### Exercise details
Write out, without any change, the lines in the material below that run from the line with "第28话 计破匪寨，双师初临-第30话" through the line with "生出森八幡神社(里宮)(宮城県)", both included.

### Records to use
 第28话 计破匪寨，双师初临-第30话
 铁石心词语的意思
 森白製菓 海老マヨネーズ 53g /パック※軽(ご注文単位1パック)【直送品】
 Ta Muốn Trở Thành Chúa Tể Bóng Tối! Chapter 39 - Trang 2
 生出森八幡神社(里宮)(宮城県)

--

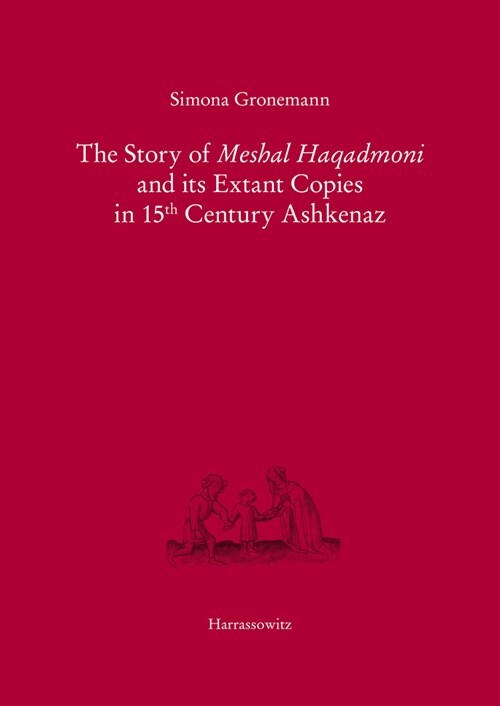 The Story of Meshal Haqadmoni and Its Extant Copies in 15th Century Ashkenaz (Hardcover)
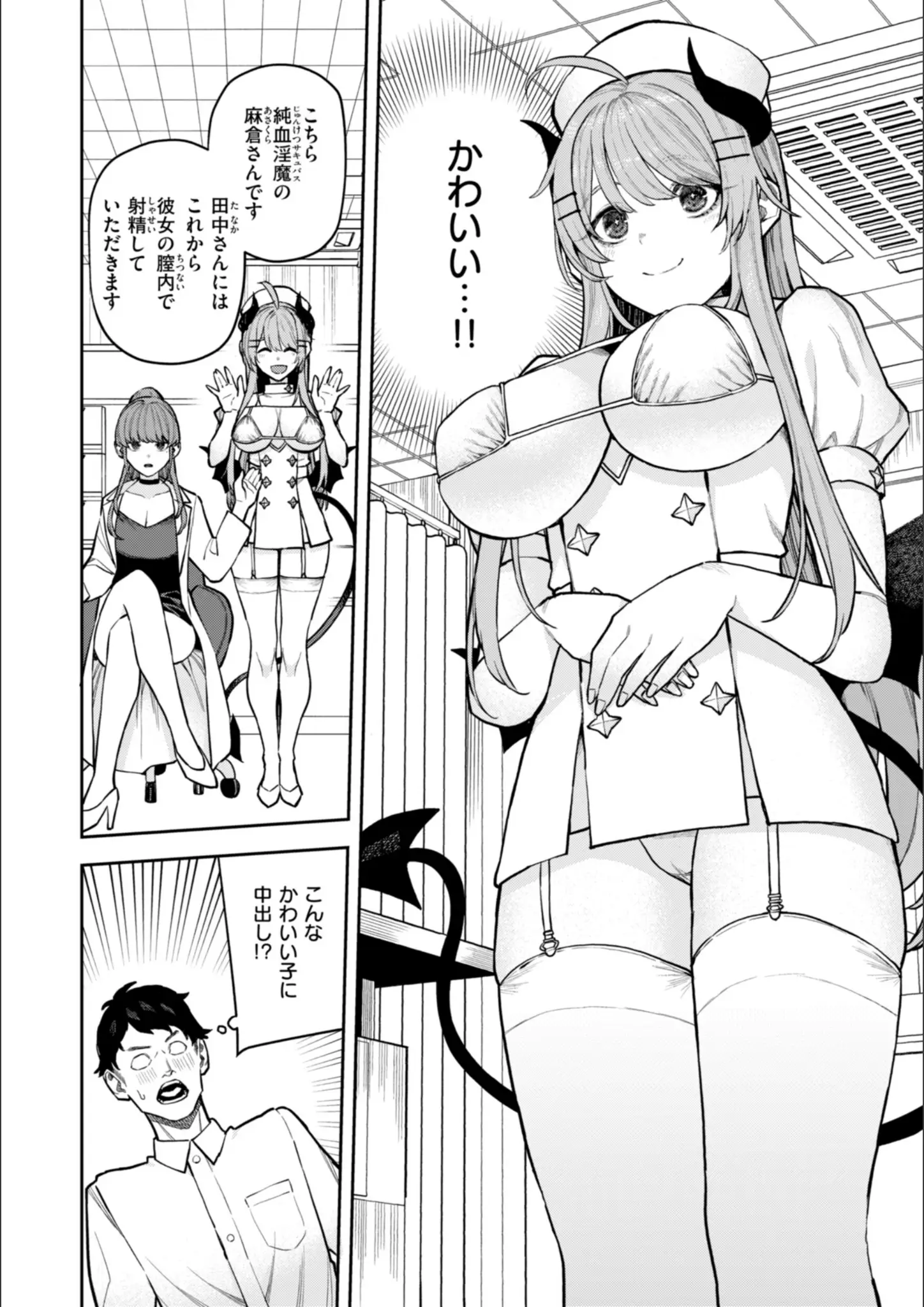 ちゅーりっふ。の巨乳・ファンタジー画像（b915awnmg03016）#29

### Task answer
 第28话 计破匪寨，双师初临-第30话
 铁石心词语的意思
 森白製菓 海老マヨネーズ 53g /パック※軽(ご注文単位1パック)【直送品】
 Ta Muốn Trở Thành Chúa Tể Bóng Tối! Chapter 39 - Trang 2
 生出森八幡神社(里宮)(宮城県)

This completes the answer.